As an alternative, it could be modeled in the Gradle build that a certain task is run before each model request. This seems to apply too broadly, though.

Motivation

It has been a repeated request that a certain task is run before doing a project import into the IDE. For example, to run some code generation task before importing a project, or to repackage some external library before importing the project (importing as in fetching a model). And to run a certain task after the import has completed.

We want to ensure that during the import of a Gradle project into Eclipse and during the refresh of a project in Eclipse, some tasks are run before and after the import, without the IDE user having to trigger or configure these tasks explicitly.

Allow to listen to build progress and task execution progress

Requested Change

Analogous to the TestProgressListener API, provide new APIs LongRunningOperation#addBuildProgressListener and LongRunningOperation#addTaskProgressListener to listen to the progress of running a build (build started/finished, build evaluated, configuration phase started/finished, execution phase started/finished) and to listen to the progress of the tasks being executed (task started/finished, task uptodate, task skipped, etc.). All events are strongly typed and besides all of them having a timestamp, they also contain event-specific information, e.g. the name and path of the task being started.

Motivation

Providing progress visualization about a running build is a key story of Buildship. We already visualize test progress. We need to extend this story to provide broader visualization of running the build.

Provide new APIs to run tests by method, by class, or by package

Requested Change

Provide a new API BuildLauncher#forTests(TestTarget target) where TestTarget describes either a single test method, a test class, or a test package. The Tooling API provider figures out to which Test task the described test target belongs and runs that task.

Motivation

As part of the deep integration into Eclipse, the user of Buildship can select in the Project/Package Explorer the test (method, class, package) that he wants to run. We currently assume that the selected test can be run by the Test task named test. This is a weak assumption and already falls apart, for example, when having a separate Test task for the integration tests.

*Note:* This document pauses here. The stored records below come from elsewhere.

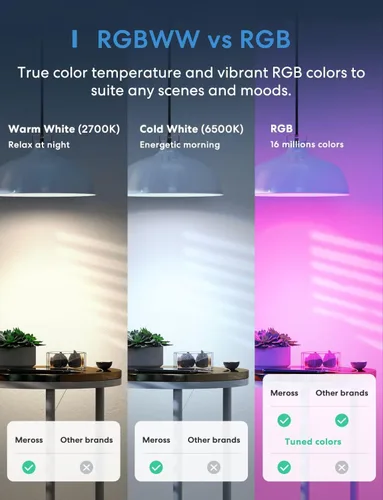 Vista 4 de Meross Bombilla inteligente, bombillas LED BR30 con WiFi de inundación compatibles con Apple HomeKit, Alexa, Google Assistant y SmartThings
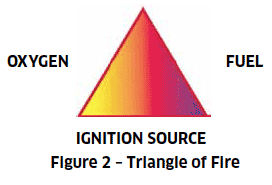 Figure 2 - Triangle of Fire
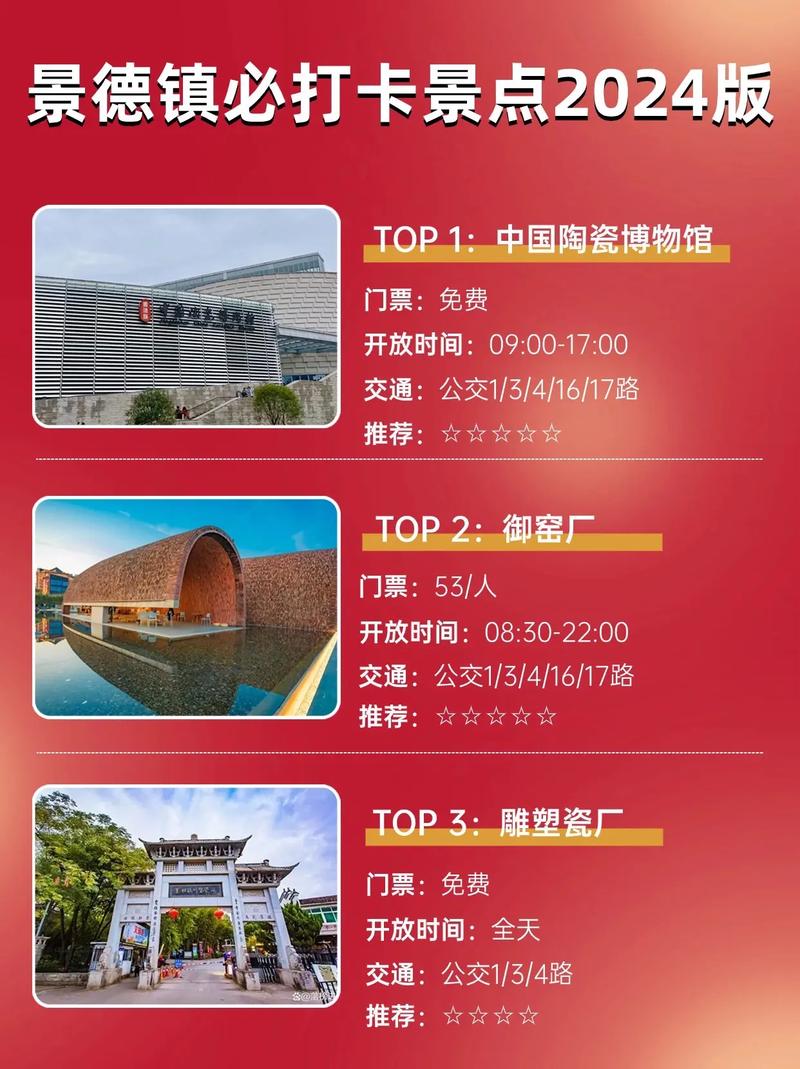 景德镇旅游攻略自由行,景德镇旅游攻略自由行路线-第1张图片-微云百科 景德镇旅游攻略自由行,景德镇旅游攻略自由行路线-第1张图片-微云百科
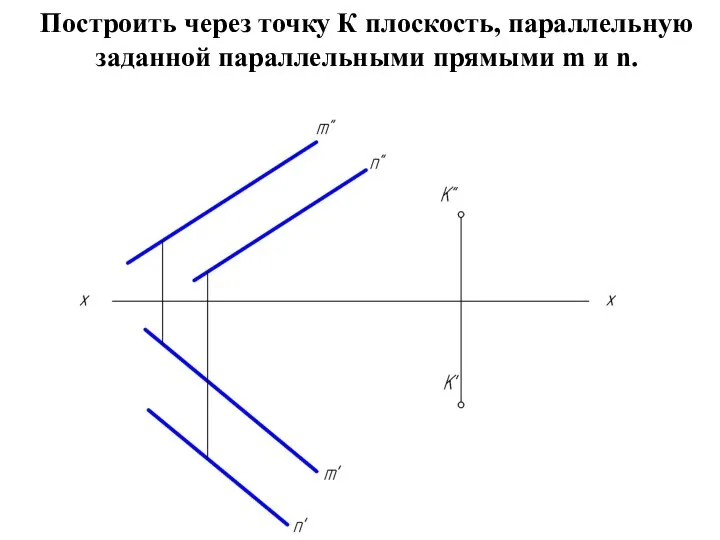 Построить через точку К плоскость, параллельную заданной параллельными прямыми m и n.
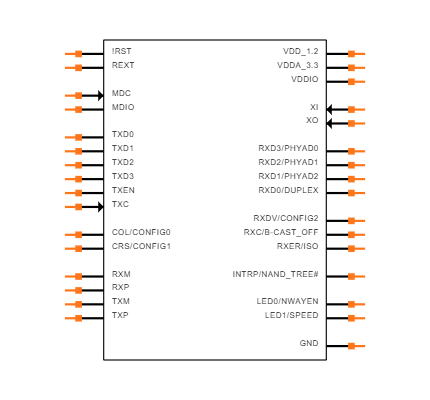 KSZ8081RNBCA-TR Symbol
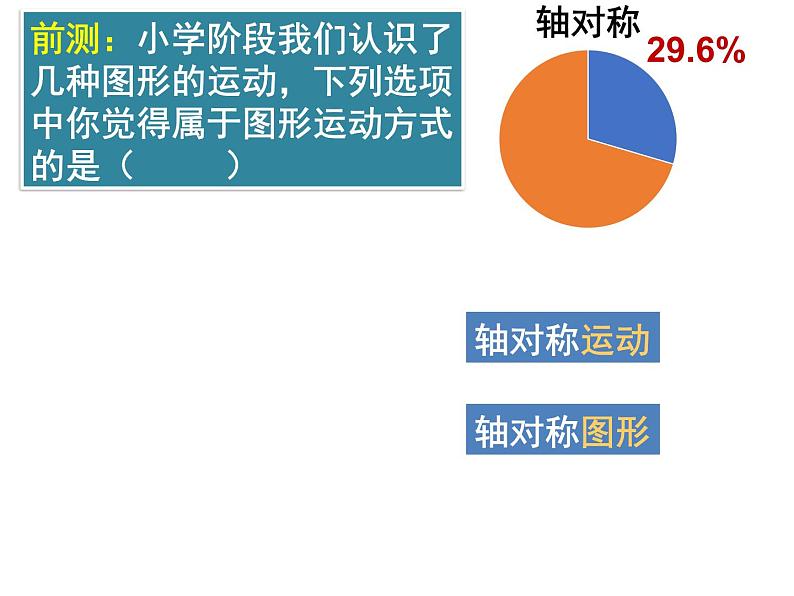 苏教版六下数学 7.2.8图形的运动 课件07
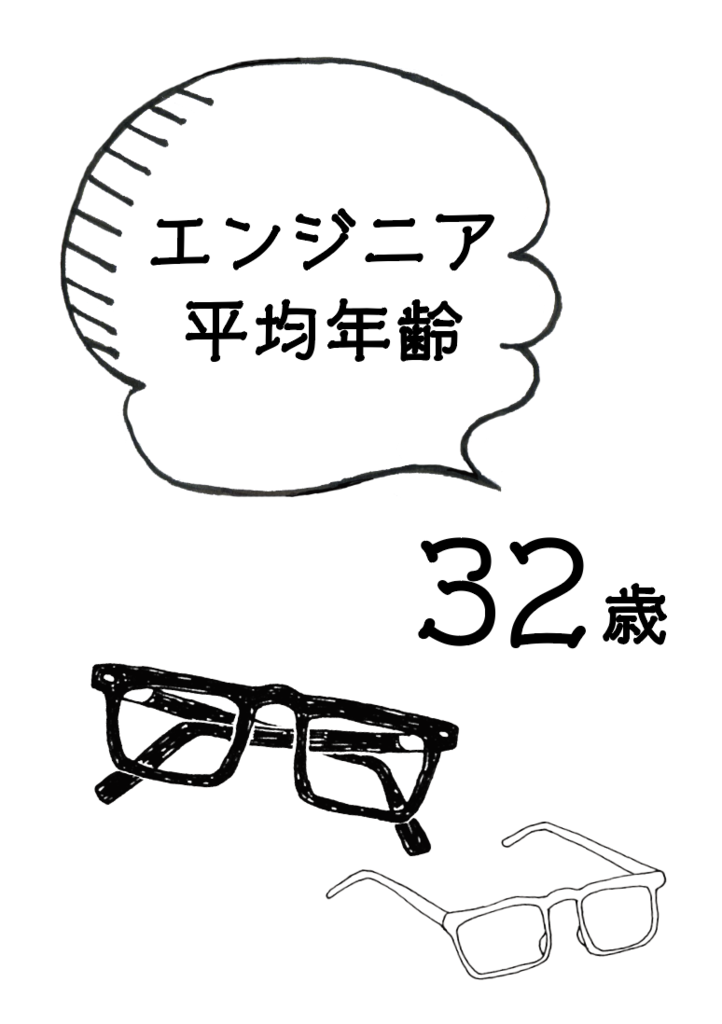 f:id:mogmog2:20181206151414p:plain:w300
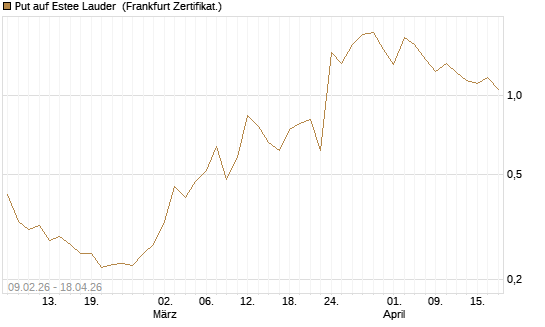 Put auf Estee Lauder [Vontobel] Chart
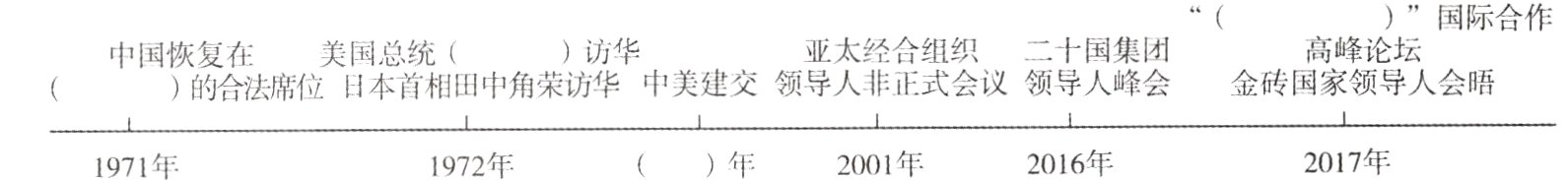 2017年2016年2001年1972年年1971年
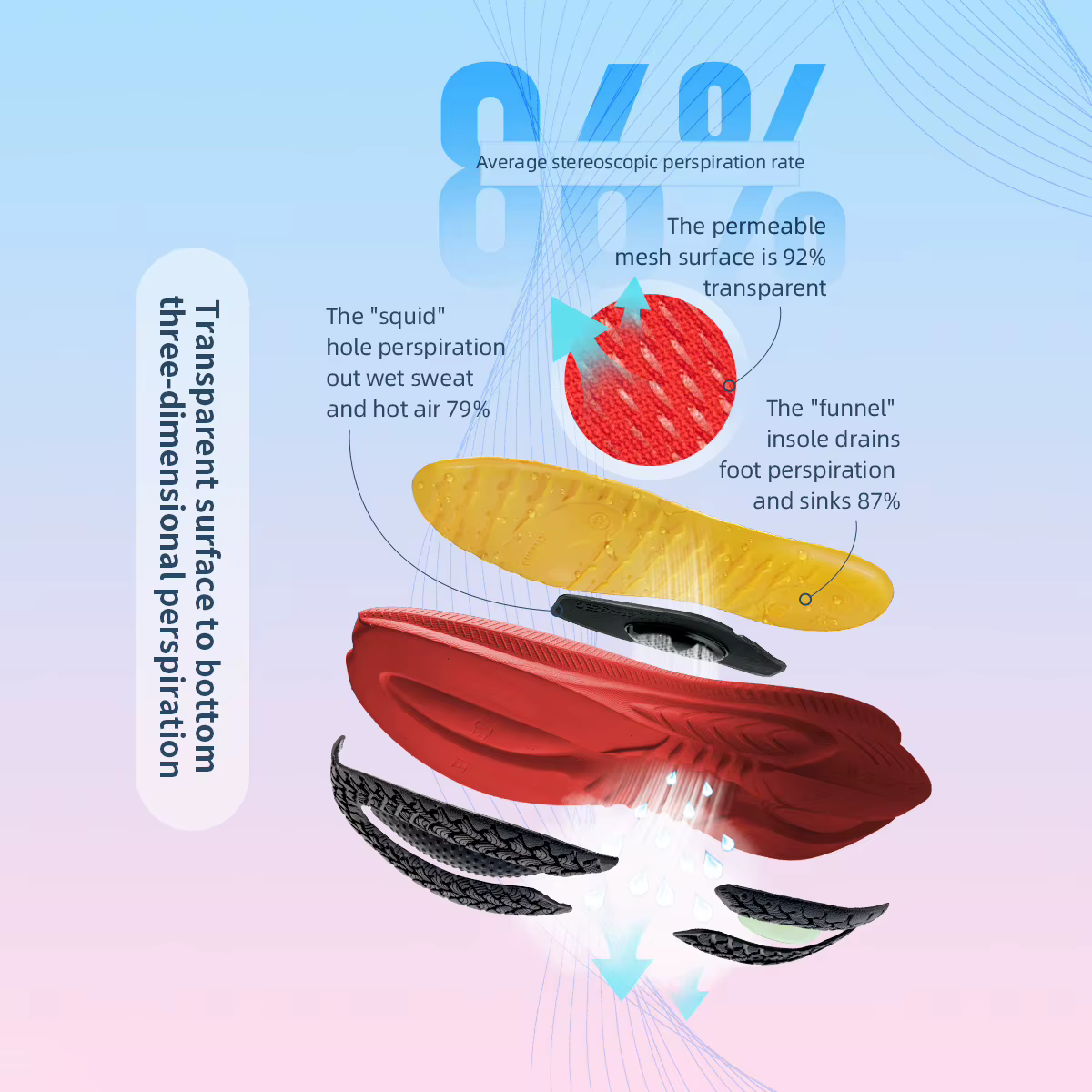 Chaussures de course à lacets pour hommes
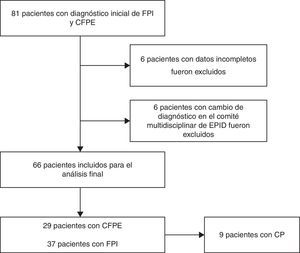 Diagrama de selección de pacientes. CFPE: combinación de fibrosis pulmonar y enfisema; CP: cáncer de pulmón; EPID: enfermedad pulmonar intersticial difusa; FPI: fibrosis pulmonar idiopática.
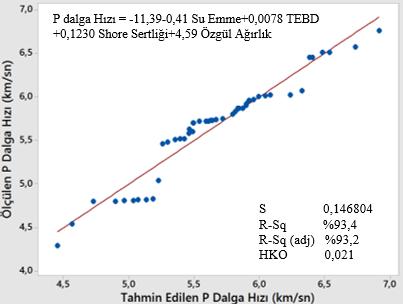 Eşitlik yardımıyla tahmin edilen P dalga hızı ve ölçülen P dalga hızı arasındaki farklar belirlenmiştir (Çizelge 2). Şekil 6.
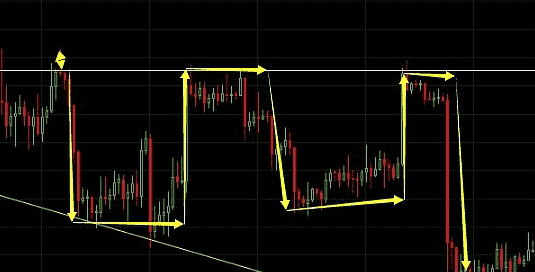 币圈震荡行情深度解析：震荡根源与单边突破信号何时出现？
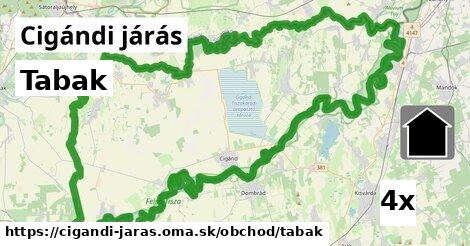 Tabak, Cigándi járás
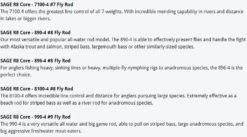 Sage R8 Core Fly Rods 37 Sage R8 Core Fly Rods -Sticky Baits-winkel Sage R8 Core Fly Rods 03 1600 XX size chart 3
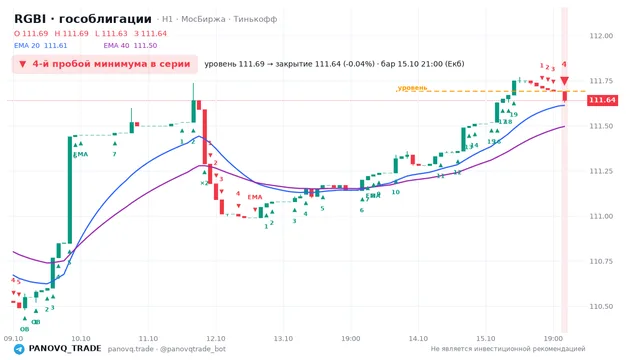 График RGBI (гособлигации), таймфрейм 1 час: 4-й пробой минимума в серии 15.10.2026 21:00, уровень 111.69 → закрытие 111.64. EMA 20/40, события PANOVQ_TRADE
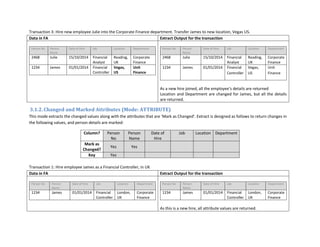 Transaction 3: Hire new employee Julie into the Corporate Finance department. Transfer James to new location, Vegas US.
Data in FA Extract Output for the transaction
Person No Person
Name
Date of Hire Job Location Department
2468 Julie 15/10/2014 Financial
Analyst
Reading,
UK
Corporate
Finance
1234 James 01/01/2014 Financial
Controller
Vegas,
US
Unit
Finance
Person No Person
Name
Date of Hire Job Location Department
2468 Julie 15/10/2014 Financial
Analyst
Reading,
UK
Corporate
Finance
1234 James 01/01/2014 Financial
Controller
Vegas,
US
Unit
Finance
As a new hire joined, all the employee’s details are returned
Location and Department are changed for James, but all the details
are returned.
3.1.2.Changed and Marked Attributes (Mode: ATTRIBUTE)
This mode extracts the changed values along with the attributes that are ‘Mark as Changed’. Extract is designed as follows to return changes in
the following values, and person details are marked:
Column? Person
No
Person
Name
Date of
Hire
Job Location Department
Mark as
Changed?
Yes Yes
Key Yes
Transaction 1: Hire employee James as a Financial Controller, in UK
Data in FA Extract Output for the transaction
Person No Person
Name
Date of Hire Job Location Department
1234 James 01/01/2014 Financial
Controller
London,
UK
Corporate
Finance
Person No Person
Name
Date of Hire Job Location Department
1234 James 01/01/2014 Financial
Controller
London,
UK
Corporate
Finance
As this is a new hire, all attribute values are returned.
 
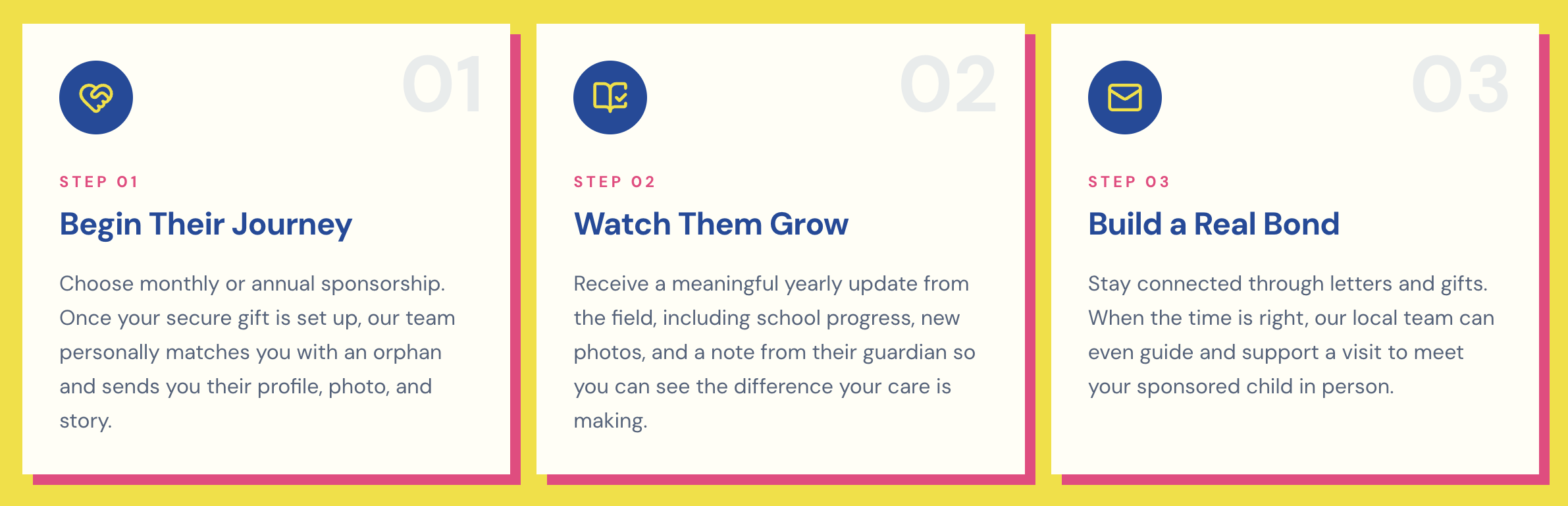 The three steps of the orphan sponsorship journey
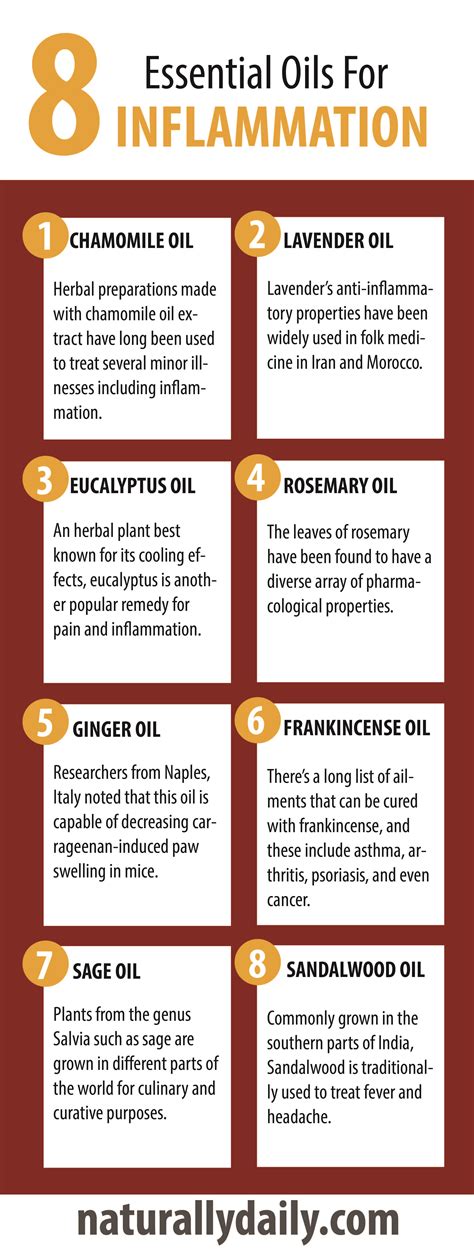 13 Essential Oils For Inflammation And How To Use Them Essential Oils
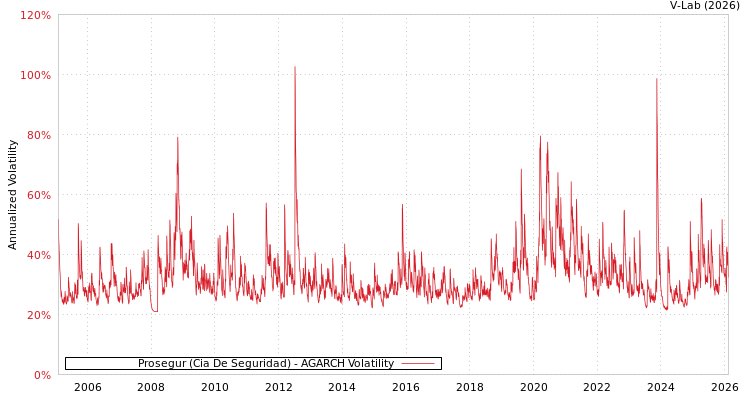 graph of Prosegur (Cia De Seguridad) AGARCH
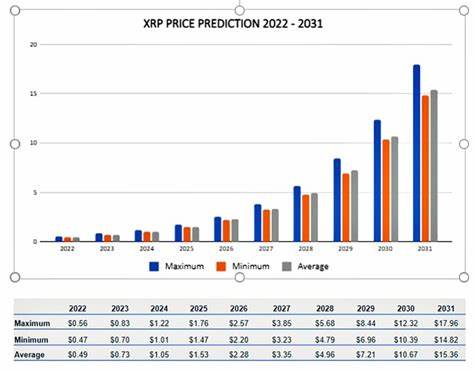 Is XRP Dead in 2025? The Current State of XRP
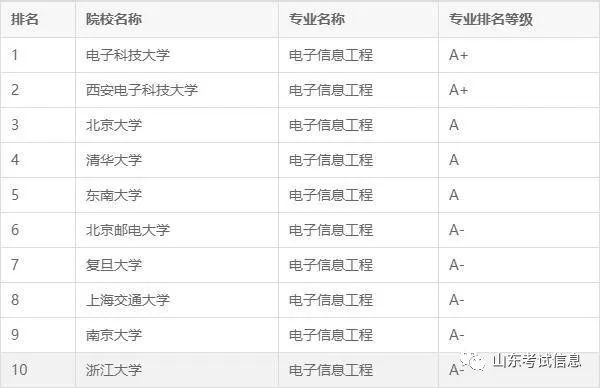 收入排名前十的本科专业盘点:高薪录取,填报志愿必看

Allow to run tests in debug mode

Requested Change

Provide an API to run tests in remote debug mode such that the consumer can connect to the remote VM and debug the tests in Eclipse.

Motivation

Once we can run tests from Eclipse through Gradle, debugging tests through Gradle is the next logical step. This functionality is part of the deep integration since it allows the user to work with the Debugger UIs that he is already familiar with.

Make dependencies collection more correct

Requested Change

Fix all known issues related to the dependencies collection returned by the Tooling API.

Motivation

The dependency resolution process should be as similar as possible when the build is invoked from the Tooling API as when it is invoked from the command line.

Notify Tooling API consumer about Gradle build files changes

Requested Change

Detect changes in files that are part of the Gradle build (build.gradle, gradle.properties, etc.) and notify the Tooling API consumer via an update event.

Motivation

When a build file changes, we want to automatically update the project configuration and views in Eclipse. For example, if a user adds a new task to one of his build files, Buildship needs to be notified about it such that it can automatically refresh the Gradle Task View.